ABOUT THIS TASK — Please return the listing below exactly, without any of its pictures.

SUPPLIED RECORDS —
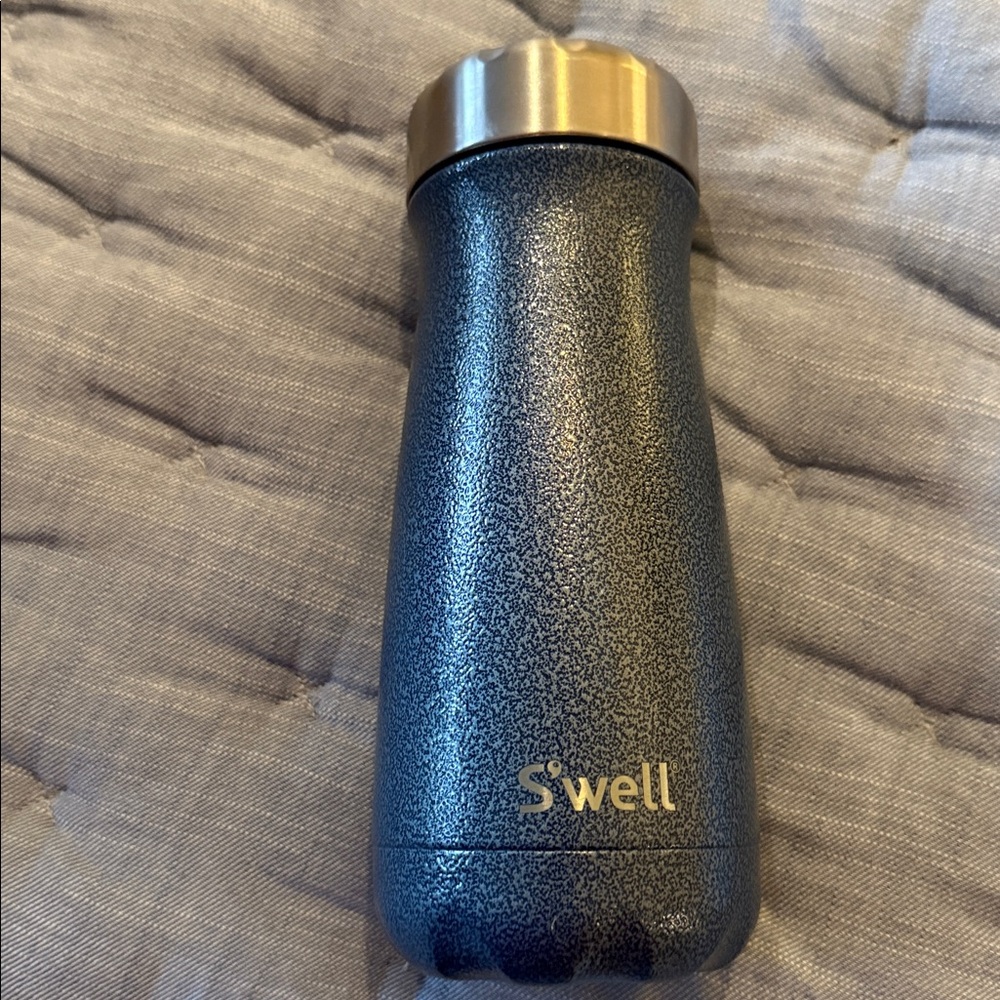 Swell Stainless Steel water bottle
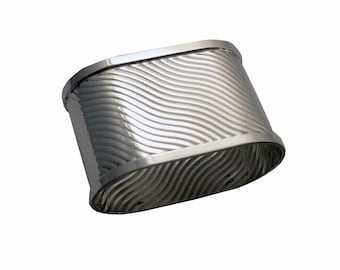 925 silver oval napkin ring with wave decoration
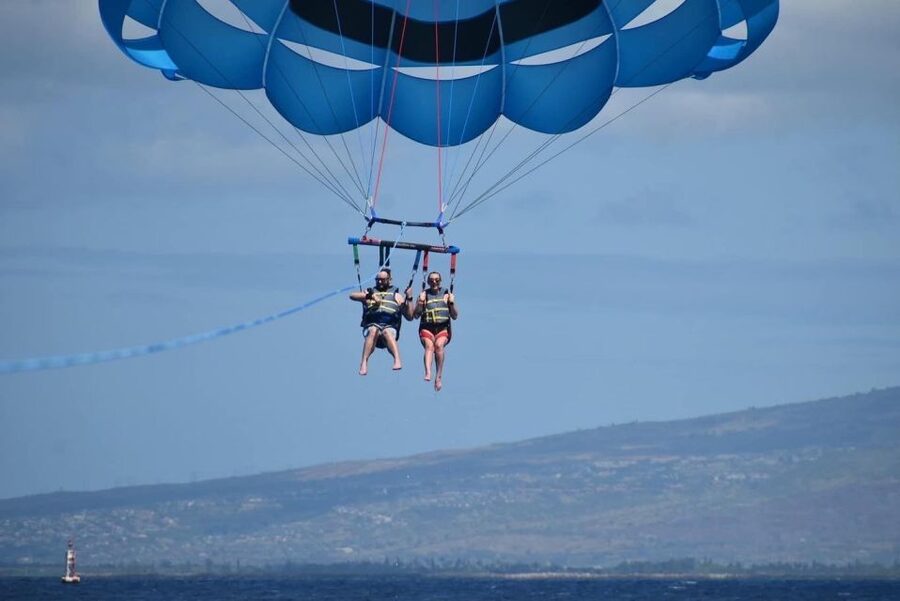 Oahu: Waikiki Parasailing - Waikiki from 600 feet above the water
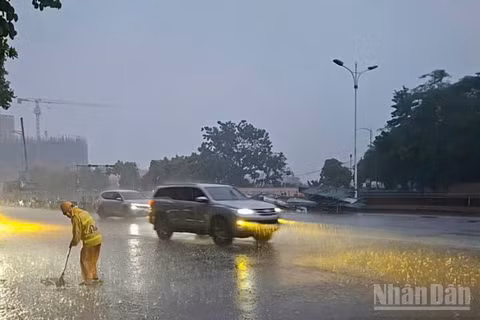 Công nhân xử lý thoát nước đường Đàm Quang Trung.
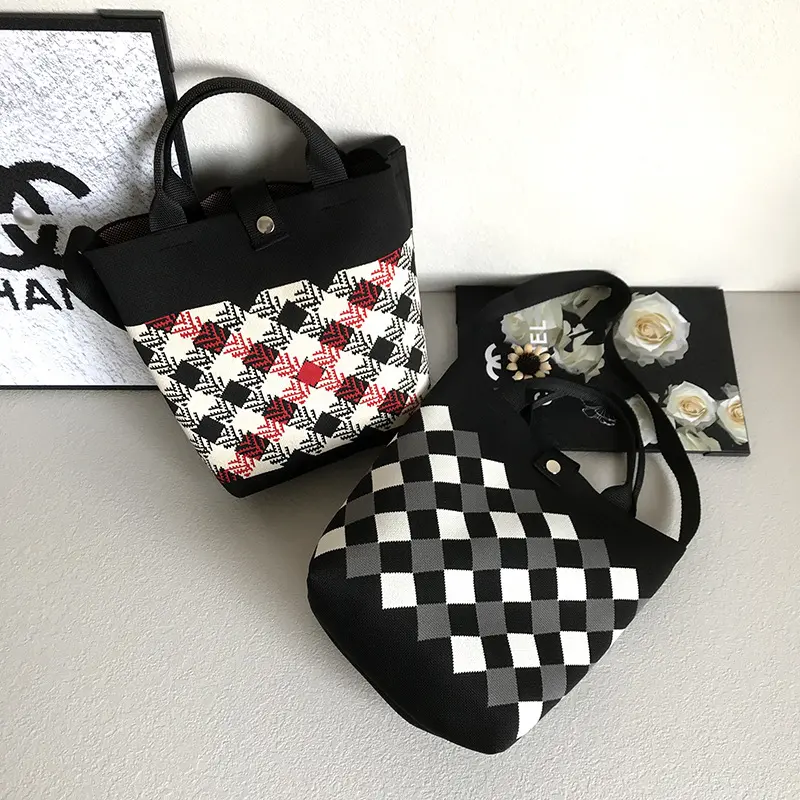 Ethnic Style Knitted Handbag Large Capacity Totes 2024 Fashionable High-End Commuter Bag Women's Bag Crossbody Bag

YOUR SOLUTION —
 Swell Stainless Steel water bottle
 925 silver oval napkin ring with wave decoration
 Oahu: Waikiki Parasailing - Waikiki from 600 feet above the water
 Công nhân xử lý thoát nước đường Đàm Quang Trung.
 Ethnic Style Knitted Handbag Large Capacity Totes 2024 Fashionable High-End Commuter Bag Women's Bag Crossbody Bag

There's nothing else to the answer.